In spite of these issues, literature suggests that IGF-I and IGFBP-3 are useful in the diagnosis of GHD. An obvious difficulty in determining the diagnostic performance of any test for GHD is the lack of a gold standard to determine true GHD; thus, reports regarding the sensitivity and specificity of IGF-I and IGFBP-3 are not consistent. In general, however, both IGF-I and IGFBP-3 are reported to have good specificity but relatively poor sensitivity for GHD which in concordance with our finding [24,25]. Irrespective of the published consensus guidelines that exist for the diagnosis of GHD, endocrinologists and other healthcare professionals often rely solely on IGF-1 concentrations to determine GHD, rather than evaluating GH with provocative testing. The results of our study support provocative testing for the diagnosis of GHD.
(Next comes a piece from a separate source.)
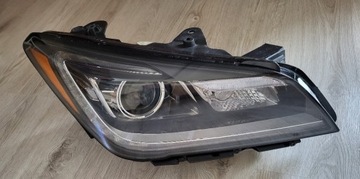 Lampa prawa Genesis G80 2015- 92102-B1170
We aimed to identify the frequency of GHD. Furthermore, due to the retrospective nature of this study, the observed population reflects a selected yet comprehensive group of patients rather than the general population. Our study could be limited by the question of clustering of cases within the study region and the effect that might have on our estimates, in addition, the current study population may appear limited in size and therefore may underestimate the true frequency of GHD. In addition, the study shares the limitations of all retrospective studies.
Conclusion
We conclude that despite the limitations of this hospital-based retrospective study, GHD is highly prevalent
in cohort of Saudis investigated for short stature. This observation remains to be validated by populationbased
studies. In the absence of registry data, larger cooperative studies involving diverse population samples
from multiple centers could help to provide further information on the true frequency nationally.
Acknowledgment
The author would like to thank all colleagues from the Department of endocrinology for helping in data
collection.
Conflict of Interests
The authors declare no conflict of interests.